Friday, March 6, 2015

How to Survive a Shitstorm (Deep Acceptance)

My family got walloped this week. Not just with snow. Carl hurt his back Monday morning. So badly he couldn’t get up for three days straight. I had a migraine that started Sunday and lasted until Wednesday. And the three-year-old and pug can’t take care of themselves just because we’re sick and hurt. (Can we put that clause in the parenting contract somewhere?)  

Immobile trumps migraine, so I was caring for everyone with my headache. I do not recommend this. By Wednesday night, I felt beaten. Driving home from work, exhausted, head pounding, I put in a CD called The Deepest Acceptance by Jeff Foster. He reminded me that most of my suffering comes when I want things to be different from how they are. Right. It’s so simple and so true. Is the headache causing my pain, or the fact that I want the headache to go away right this instant? Is Carl being on his back causing my pain or the fact that I want him to be up and helping right this instant? Is the snow causing my pain or the fact that I want it to be spring right this instant? Usually, what is causing my suffering is the latter. Something happens, and I don’t like it, but it’s the fighting against it tooth and nail that causes the bulk of my pain.
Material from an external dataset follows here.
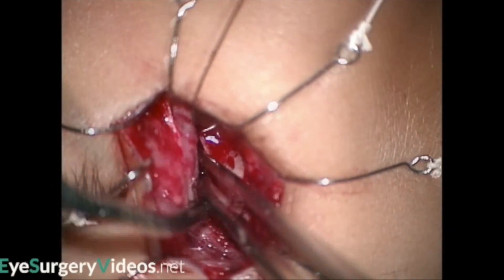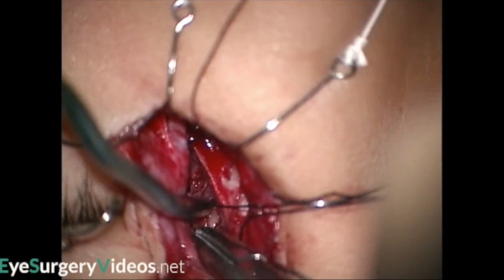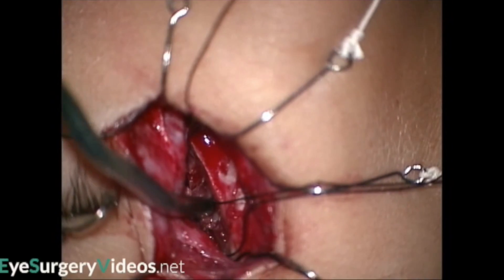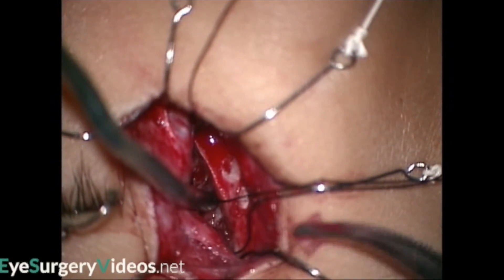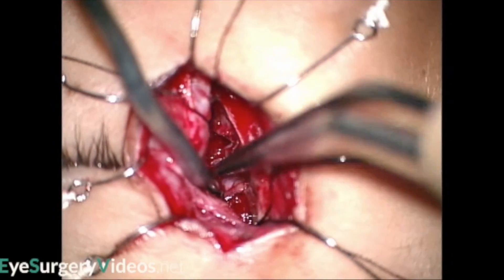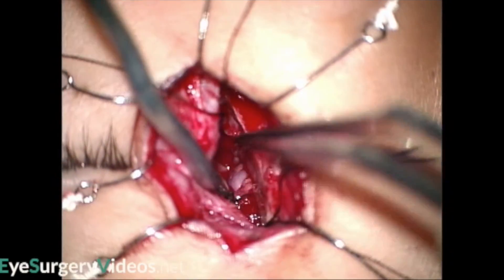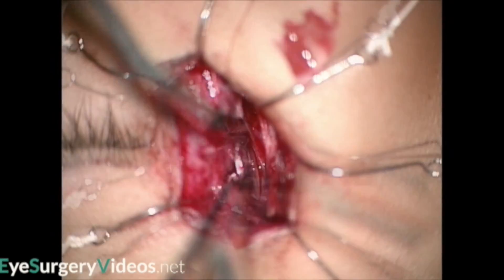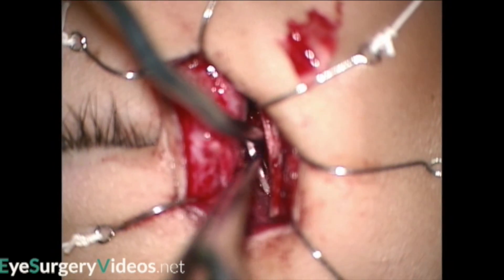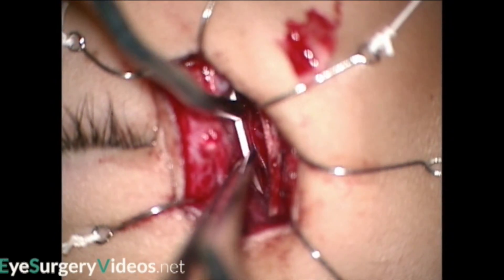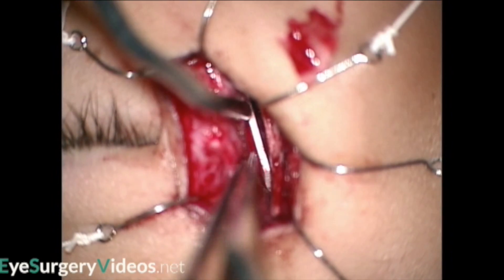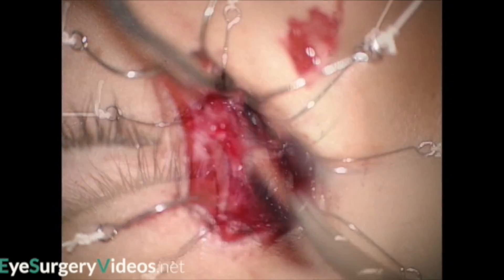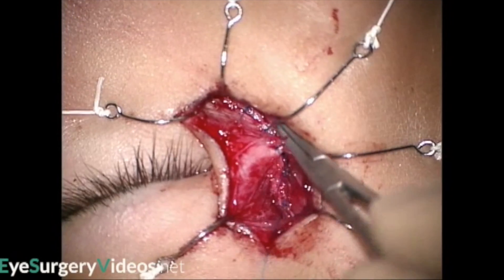As bony fragments are removed, great care must be taken to avoid the anterior ethmoidal artery. In this case, a titanium plate is placed over the fracture site. The periosteum and medial canthal tendon are then repaired, followed by the orbicularis and skin, aiming for an excellent cosmetic outcome.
Why is this thought helpful? Because I can’t change the fact that the headache is here. I have meds, but they don’t always work. The headaches come when they come, and go when they go. But changing the way I think about them does relieve some of the suffering.
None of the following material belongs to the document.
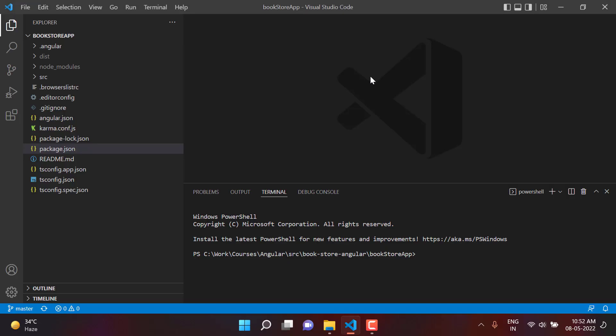We are using the latest version of Angular in this application, and as of today the latest version is Angular 13. It is time to learn how to create some components using Angular Material. Before that, let's run this application using the ng serve command with the -o flag, which will open the browser automatically.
The snow is another example. I hate winter. So when a friend texted me yesterday to ask if Daniel and I wanted to come play in the snow with her, my first (inward) response was “hell, no.” But, after being cooped up all morning with my husband on his fourth day at home immobile, I decided an outing was a good idea. We bundled up, and trudged outside. Daniel brought his shovel with him, shoveling walks as we went. I had to admit, once I stopped wishing the snow wasn’t here, that it was beautiful. My friend was thrilled to see us, which further lifted my spirits. We lied on her lawn and made snow angels. We hunted for a sled in her basement, finding an old snowboard instead. We constructed a hill on her porch steps, then watched Daniel slide down it over and over and over, saying, “I wanna go fast!” and “Can I go again?” My grumpiness and my headache slid away as Daniel slid down the hill, as we laughed and played in the crisp winter air, laughing and loving it. 
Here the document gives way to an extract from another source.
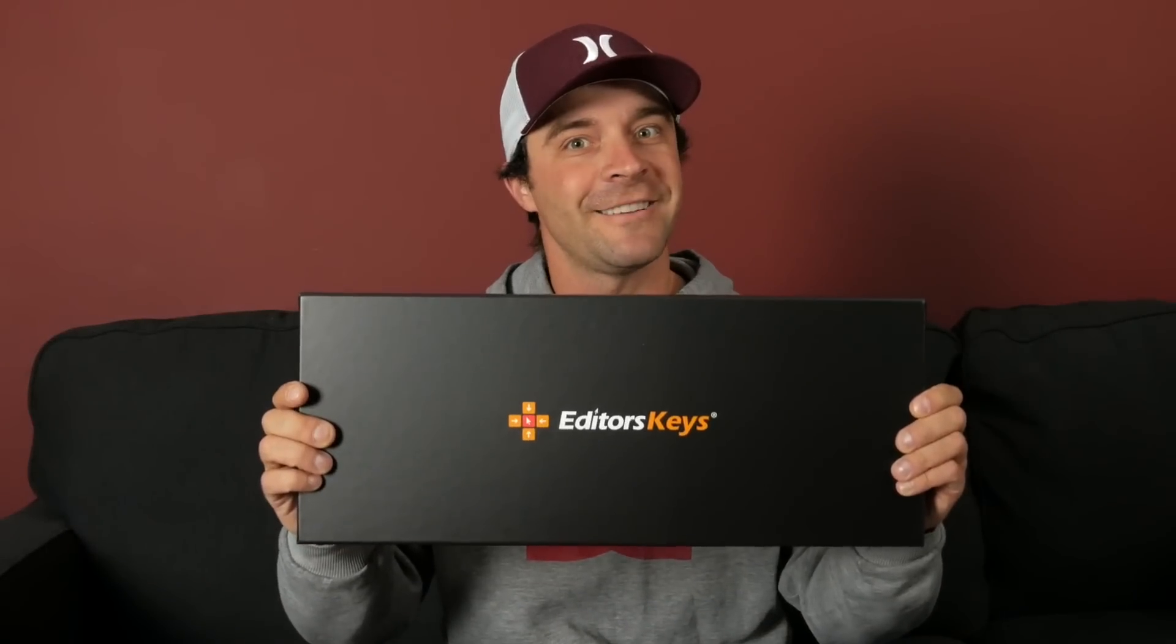So this came in the mail the other day. Actually, Mark from Editor's Keys reached out to me a few days ago and asked if they could send me a keyboard. They didn't want money, they didn't ask for a dedicated video, they didn't even ask for a shout out, they just sent me one. Now that's a good way to do business.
Some days pain appears, some days joy appears. Some days both. Jeff Foster says we don’t have to try accept anything, that anything that appears we have already allowed into our experience, and have therefore already accepted. I like that. I don’t have to try to accept, I’ve already accepted. Just for today, I accept that it is March 6, that my world is snow covered, that I did not get as much work done this week as I wanted, but that I took care of myself, I was a good wife, a good mom, and I had a beautiful day with my boy yesterday. Just for today, that feels like enough.